Стоит мне повысить голос, как он начинает стонать и орать еще громче. Вызвать скорую? Нет смысла, скоро все равно светает, и поликлиника откроется. Самое удивительное, что поначалу было вовсе не так трудно. После похорон и всех сопутствующих им процедур, которые меня изрядно повеселили: например, установления отцовства (официально мы не были женаты), я взял на работе двухмесячный отпуск. Коллеги здорово удивились. Еще бы! При живых-то бабушках. Но я-то знал, что никому доверять не могу. Особенно своей мамаше: если она смогла сделать из меня форменного психа, то и с беззащитным малышом разделается играючи. Не говоря уж о мамаше Оксаны, которая явно считала меня сумасшедшим придурком. Некоторое почтение ей внушали те суммы, которые я зарабатывал. Это было единственное, что останавливало мою дражайшую тещу от того, чтобы забрать у меня ребенка. А я… Я не то чтобы очень хотел получить его на руки. Просто взаимовыручку никто еще не отменял. К тому же, я прочитал в какой-то идиотской зеленой книжке с рисованными рожицами, что настоящим отцом, ну или матерью – но этого удовольствия Матвей, сами понимаете, был уже лишен – ребенок воспринимает только того, чей запах чувствует рядом с собой первые месяцы жизни. Я так и сказал одной своей знакомой:
– Настоящим отцом, ну или матерью – но этого удовольствия Матвей, сама понимаешь, уже лишен – ребенок воспринимает только того, чей запах чувствует рядом с собой первые месяцы жизни!
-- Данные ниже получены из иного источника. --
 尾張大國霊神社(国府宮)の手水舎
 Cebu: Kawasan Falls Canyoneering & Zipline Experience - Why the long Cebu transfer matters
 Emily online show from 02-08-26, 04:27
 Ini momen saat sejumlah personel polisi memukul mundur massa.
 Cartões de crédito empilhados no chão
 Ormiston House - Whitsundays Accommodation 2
Она только посмеялась. Потом спросила, откуда я это взял. Пришлось признаться, что фамилии автора я не помню. Она зашла в ванную и, придерживая на бедрах полотенце, позвонила мужу, чтобы спросить того, откуда цитата. Заодно убедиться, что он на работе. Муж, удивительно ученый человек, выложил фразу в поисковую систему интернета, и через минуту мы знали ответ.
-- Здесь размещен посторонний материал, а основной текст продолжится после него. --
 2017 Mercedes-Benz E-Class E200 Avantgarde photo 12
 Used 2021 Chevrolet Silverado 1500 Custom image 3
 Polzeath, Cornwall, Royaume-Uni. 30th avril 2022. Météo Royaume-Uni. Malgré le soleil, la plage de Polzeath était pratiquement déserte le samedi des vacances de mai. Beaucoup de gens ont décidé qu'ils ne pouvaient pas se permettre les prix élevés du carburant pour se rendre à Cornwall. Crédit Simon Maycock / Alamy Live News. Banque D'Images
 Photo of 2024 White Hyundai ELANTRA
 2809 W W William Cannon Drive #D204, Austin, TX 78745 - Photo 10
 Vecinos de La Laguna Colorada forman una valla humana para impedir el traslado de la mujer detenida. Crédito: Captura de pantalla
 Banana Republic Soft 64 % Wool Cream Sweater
– Бенджамин Спок! – рассмеялась моя милая, опуская полотенце по розовым ногам вниз. – Человек, которого дети сдали в дом престарелых.
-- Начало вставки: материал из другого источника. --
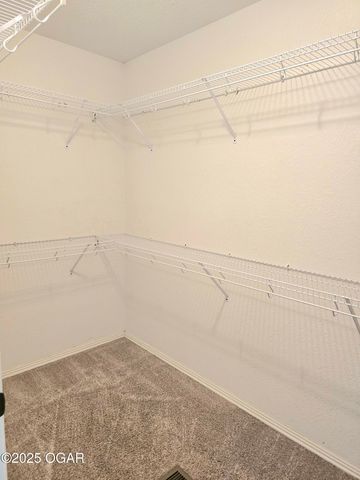 1800 Sally Anne Avenue, Neosho, MO 64850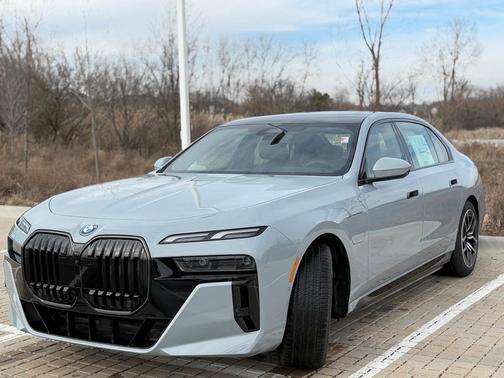 2025 BMW 750e xDrive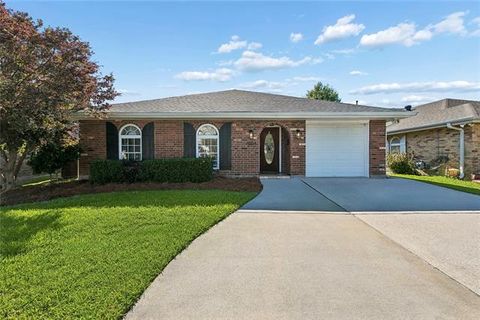 Photo of 4604 Young Street St, Metairie, LA 70006 (MLS # NO2549241)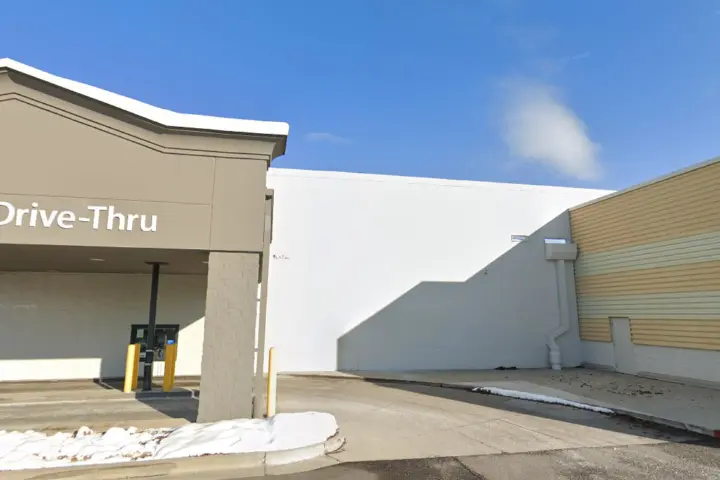 Walmart Supercenter - 4627 S 900 E (Boost Mobile)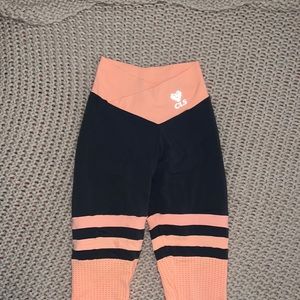 CLS sportswear peach striped leggings V-cut waist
– Пускай сдает, – облизал я губы, – лишь бы там было полно таких очаровательных старушек, как ты.
Конечно, этот глупый, дешевый и пошлый комплимент произвел впечатление: женщины меня вообще любили, а уж с появлением Матвея отбоя от них не было, все только и делали, что восхищались им – я отдаю покойной дань восхищения, малый и впрямь уродился красавцем – да мной. Какой заботливый папаша, шептались молодые мамаши с колясками в парке, где я делал регулярные пробежки с Матвеем в двадцатикилограммовой коляске. Мне из-за этого даже пришлось бросить курить: непросто было совмещать это удовольствие с ношением тяжестей, вернее, одной тяжести, моего сына, и регулярными тренировками по плаванию. Вот только они – эти тренировки да женщины, к которым я сбегал на час-другой, – и были тем временем, которое я проводил не со своим сыном: а дежурила с ним нанятая мной за бешеные деньги нянька. Все оставшиеся часы я был рядом с ним. Не испытывая к нему особой эмоциональной близости, я тем не менее добросовестно менял пеленки, кормил, играл, гулял и даже читал книги. Особенно хорошо он засыпал под «Одиссею», а под Шекспира мы так вообще засыпали вдвоем. Особенным спросом как снотворное пользовался у нас «Король Лир». Но все это только первые три-четыре недели. Потом начался ад, и ад этот был стоном:
– А-а-а-а-а-а-а.
Правда, длилось все это недолго, всего часов восемь, и я рассчитывал на то, что на следующий день все пройдет. Правда, что именно, я не знал. Живот? Голова? Легкие?
– Живот, голова, легкие? Матвей? – спрашиваю я.
– А-а-а-а-а-а, – отвечает он.
– Дай же поспать, а?! – негодую я.
– А-а-а-а-а-а-а-а-а, – ноет он.
– Заткнись! – бью я кулаком в стену. Он умолкает, и я со вздохом облегчения снимаю ноги с подножия качающейся кровати. Но уснуть не успеваю.
– А-А-А-А-А-А, – начинает верещать он. И не умолкает даже к утру, даже в поликлинике, даже в больнице, даже в лаборатории, где нам ставят диагноз «дисбактериоз», даже дома.